Authors:
(1) Ziqi Zhang*, Information School, the University of Sheffield, Regent Court, Sheffield, UKS1 4DP (Ziqi.Zhang@sheffield.ac.uk);
(2) Tomas Jasaitis, Vamstar Ltd., London (Tomas.Jasaitis@vamstar.io);
(3) Richard Freeman, Vamstar Ltd., London (Richard.Freeman@vamstar.io);
(4) Rowida Alfrjani, Information School, the University of Sheffield, Regent Court, Sheffield, UKS1 4DP (Rowida.Alfrjani@sheffield.ac.uk);
(5) Adam Funk, Information School, the University of Sheffield, Regent Court, Sheffield, UKS1 4DP (Adam.Funk@sheffield.ac.uk).
Table of Links
-
Domain and Task
-
Related Work
3.1. Text mining and NLP research overview
3.2. Text mining and NLP in industry use
-
4.6. XML parsing, data joining, and risk indices development
-
Experiment and Demonstration
-
Discussion
6.1. The ‘industry’ focus of the project
6.2. Data heterogeneity, multilingual and multi-task nature
Abstract. While text mining and NLP research has been established for decades, there remain gaps in the literature that reports the use of these techniques in building real-world applications. For example, they typically look at single and sometimes simplified tasks, and do not discuss in-depth data heterogeneity and inconsistency that is common in real-world problems or their implication on the development of their methods. Also, few prior work has focused on the healthcare domain. In this work, we describe an industry project that developed text mining and NLP solutions to mine millions of heterogeneous, multilingual procurement documents in the healthcare sector. We extract structured procurement contract data that is used to power a platform for dynamically assessing supplier risks. Our work makes unique contributions in a number of ways. First, we deal with highly heterogeneous, multilingual data and we document our approach to tackle these challenges. This is mainly based on a method that effectively uses domain knowledge and generalises to multiple text mining and NLP tasks and languages. Second, applying this method to mine millions of procurement documents, we develop the first structured procurement contract database that will help facilitate the tendering process. Second, Finally, we discuss lessons learned for practical text mining/NLP development, and make recommendations for future research and practice.
1. Introduction
Big data technologies have significantly impacted different industries in the last decade. The rapid increase in the amount of data has created unprecedented opportunities for cost reduction, better products and services, improved productivity and decision making. However, transforming data to knowledge that brings real ‘business intelligence’ remains a non-trivial, challenging task. To achieve this, data mining has been widely adopted in industries and this refers to a large range of techniques for finding patterns and correlations within data, and using such insights to predict outcomes. While data mining is often applied to structured data (e.g., database records, relational tables), it is widely acknowledged that up to 80% of ‘big data’ is unstructured, with text (e.g., financial report, product catalogues) representing the majority (Bach et al., 2019).

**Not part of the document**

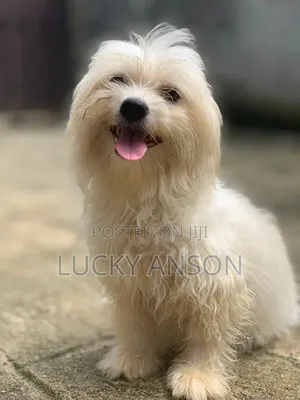 1+ year Female Purebred Lhasa Apso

Extracting knowledge from unstructured textual data belongs to the field of text mining, which crosses the field of Natural Language Processing (NLP) that aims to make machines understand human language. These encompass a wide range of techniques such as text classification (Kowsari et al., 2019), named entity recognition (Bose et al., 2021), relation extraction (Bassignana and Plank, 2022), and terminology extraction (Dominika, 2021). And all these techniques may be used collectively to create structured knowledge bases (Krzywicki et al., 2016). Indeed, text mining and NLP research can date back to as early as the 1960s (Grishman and Sundheim, 1996) and has led to a vibrant community focusing on various tasks over the years. However, studies have shown that progress made in academic literature is not always adopted in the industrial, real-world-application context (Chiticariu et al., 2013; Krishna et al., 2016, Suganthan et al., 2015). This is often due to factors such as the difference in the evaluation focus, the timeframe for development, and the need for interpretability and after-maintenance.

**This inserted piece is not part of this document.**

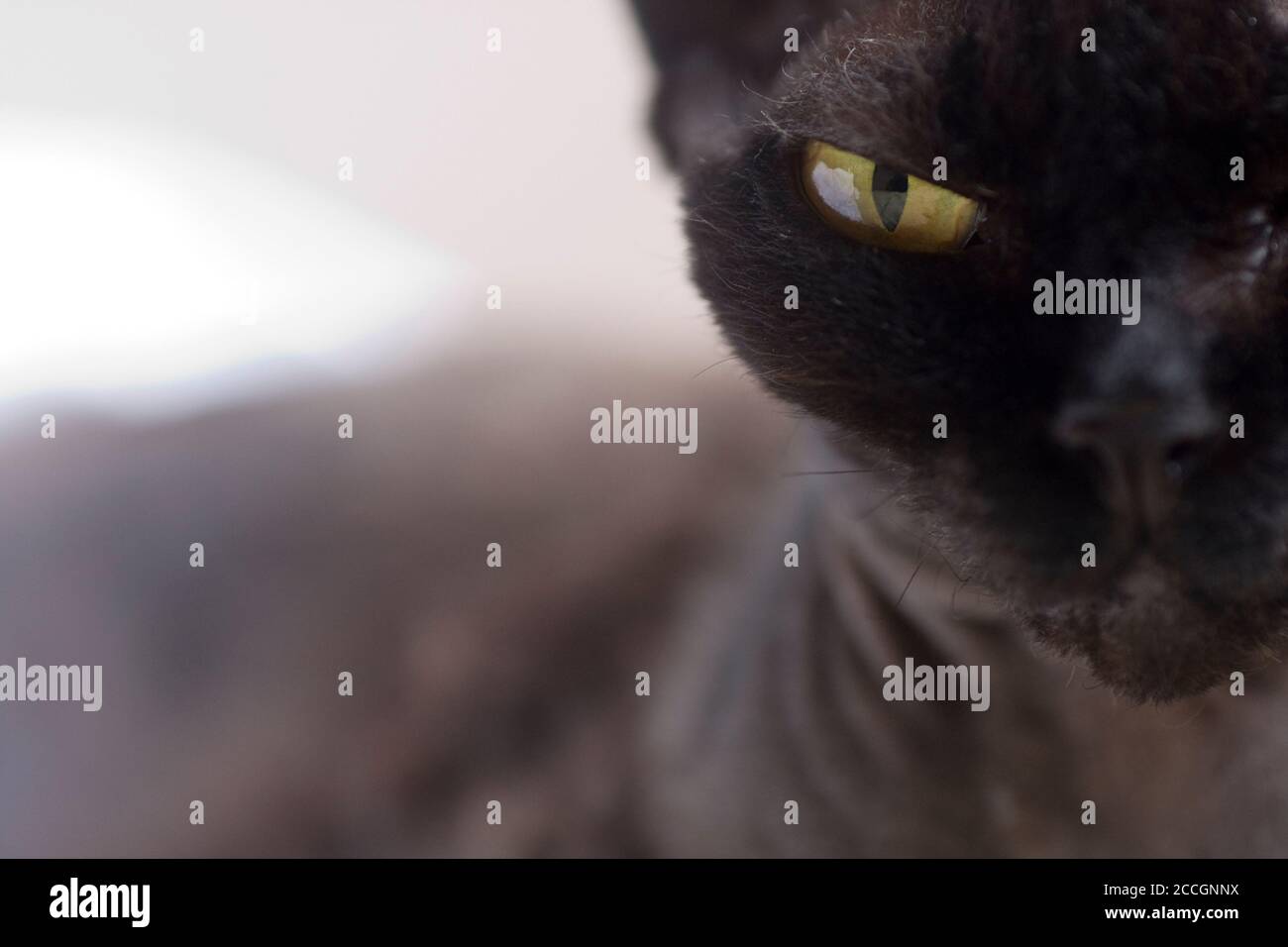 Un chat Devon Rex noir majestueux se fixe directement à l'appareil photo avec détermination Banque D'Images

For application to real-world problems, text mining finds a long history in analysing legal texts, such as for similar case matching, event timeline extraction, question and answering (Zhong et al., 2020), and judicial decision prediction (Francia et al., 2022). A significant body of work has also been done in mining Web content related to service/product provisions (Kuma et al., 2021), such as analysing social media data for customer relationship management, marketing intelligence, competitor analysis (Köseoğlu et al., 2021) and more recently, combating misinformation (e.g., fake reviews). Further, text mining has also been used in system requirements extraction and classification primarily for software engineering (Li et al., 2015; Khan et al, 2020; Tiun et al., 2020), and quality and project report analysis in the construction industry (Lee et al., 2014; Zhang et al., 2019; Tian et al., 2021). Recent studies by Rabuzin and Modrusan (2019) and Modrusan et al. (2020) identified an emergent need but a lack of application of text mining to procurement document analysis. Work in this area has only just taken off in recent years (Rabuzin and Modrusan, 2019; Modrusan et al., 2020; Choi et al., 2021; Fantoni et al., 2021; Haddadi et al., 2021).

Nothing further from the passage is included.